Quinze jours plus tard, auditionnée par la délégation aux droits des enfants de l'Assemblée nationale, et nous laissant tous très émus de son témoignage et de son appel à agir, elle réitérait sa demande de commission d'enquête, afin de protéger les enfants et leurs familles. Elle avait alors elle-même reçu 4 500 témoignages de victimes.

Après son passage en commission, nous examinons en séance la proposition de résolution qui tend à créer une commission d'enquête relative aux violences commises dans les secteurs du cinéma, du spectacle vivant, de la mode et de la publicité. Je remercie la rapporteure Francesca Pasquini qui nous permet, sur le temps transpartisan de la semaine de l'Assemblée, d'examiner ce texte soutenu par l'ensemble des groupes qui y sont représentés. Je me félicite que ce sujet, si délicat et important, fasse l'unanimité – même s'il est triste et intolérable que nous ayons à discuter de ce fléau qui touche tant de personnes, mineures et majeures, dans tant de secteurs.

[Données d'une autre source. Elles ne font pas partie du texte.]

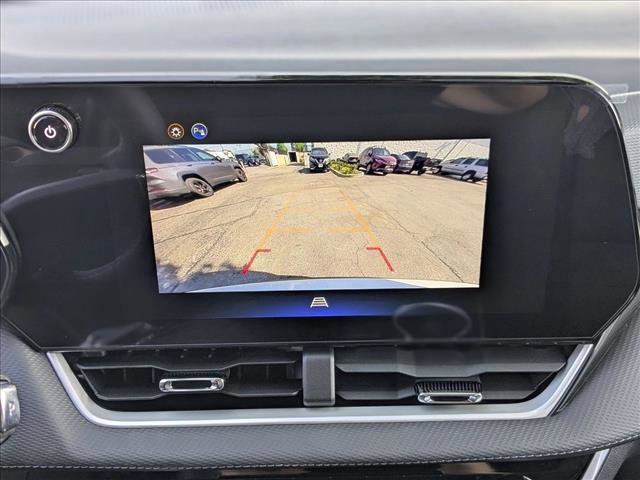 New 2026 Chevrolet Equinox LT w/ Convenience Package II image 13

Depuis le mouvement #MeToo, commencé il y a six ans à Hollywood, la parole se libère enfin, oserai-je dire, dans le milieu du cinéma français. Cette libération de la parole a également permis, en début d'année, l'émergence du mouvement #MeTooGarçons, qui a révélé des abus, dans le monde du cinéma, sur des acteurs adolescents.

Il était temps d'agir. Le Président de la République a ainsi créé, le 23 janvier 2021, une commission indépendante sur l'inceste et les violences sexuelles, dont les conclusions ont été rendues en novembre 2023. Le Gouvernement a également annoncé un plan sur cinq ans, 2023-2027, afin de protéger les enfants de toutes les formes de violence, présentant un ensemble de vingt-deux actions concrètes.

La proposition de résolution que nous examinons, justement élargie en commission, cosignée par soixante-quinze députés de neuf groupes politiques différents, comporte un article unique visant à créer une commission d'enquête de trente membres. Elle sera chargée d'évaluer la situation des mineurs qui travaillent au sein des secteurs du cinéma, de l'audiovisuel, du spectacle vivant, de la mode et de la publicité. Il lui reviendra également de faire un état des lieux des violences qui y sont commises sur des majeurs, ainsi que d'identifier les mécanismes et les défaillances qui rendent possibles ces abus et ces violences, et d'établir, enfin, les responsabilités de chaque acteur en la matière.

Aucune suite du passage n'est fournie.